Symbol Name Description
\(\mathbf{x}_i\) Feature vector \(p\)-dimensional observation
\(y_i\) Class label Discrete class \(\in \{1, \ldots, K\}\)
\(K\) Number of classes Total classes
\(n_k\) Class size Number of observations in class \(k\)
\(\boldsymbol{\mu}_k\) Class mean Mean vector for class \(k\)
\(\boldsymbol{\Sigma}\) Covariance matrix Shared covariance across classes
\(\mathbf{w}\) Discriminant direction Projection vector
\(\mathbf{S}_B\) Between-class scatter Measures separation of class means
\(\mathbf{S}_W\) Within-class scatter Measures variation within classes
\(\delta_k(\mathbf{x})\) Discriminant function Linear score for class \(k\)
\(\pi_k\) Prior probability \(P(Y = k)\)

Historical and Modern References

  • Fisher, R. A. (1936). "The use of multiple measurements in taxonomic problems." Annals of Eugenics, 7(2), 179-188.
  • Rao, C. R. (1948). "The utilization of multiple measurements in problems of biological classification." Journal of the Royal Statistical Society.
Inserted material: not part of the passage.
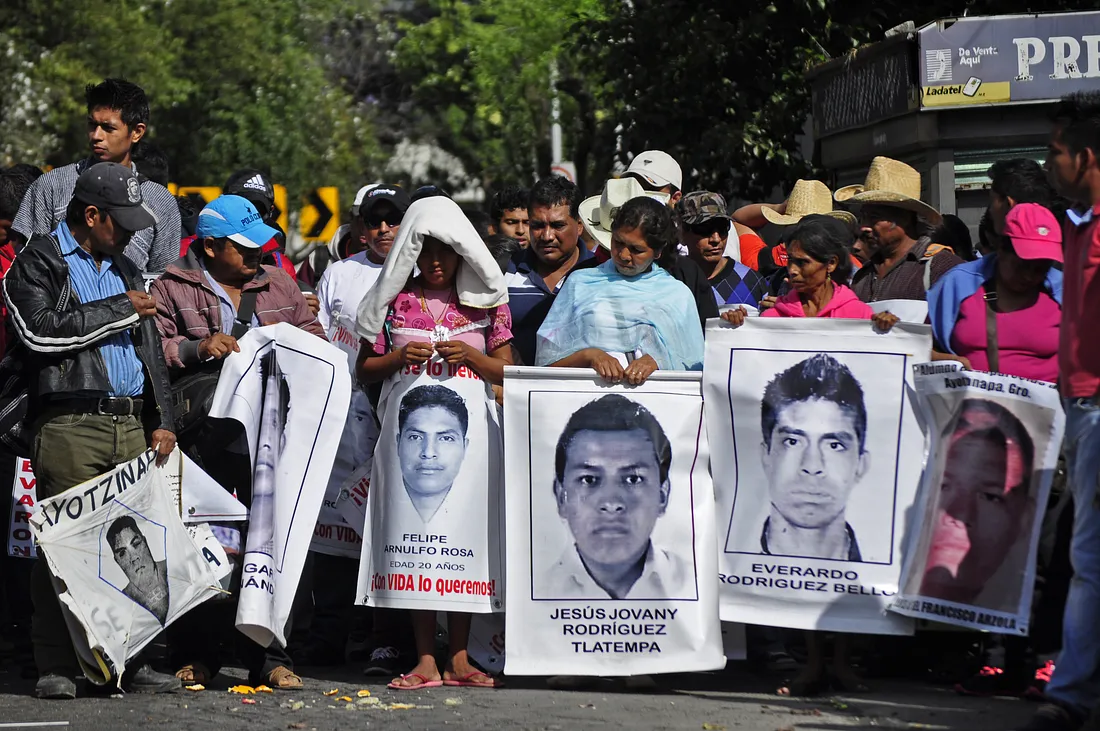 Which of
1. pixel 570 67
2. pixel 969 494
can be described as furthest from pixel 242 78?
pixel 969 494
Series B, 10(2), 159-203.
  • Hastie, T., Tibshirani, R., & Friedman, J. (2009). The Elements of Statistical Learning (2nd ed.). Springer. [Chapter 4]
  • Duda, R. O., Hart, P. E., & Stork, D. G. (2000). Pattern Classification (2nd ed.). Wiley.
  • McLachlan, G. J. (2004). Discriminant Analysis and Statistical Pattern Recognition. Wiley.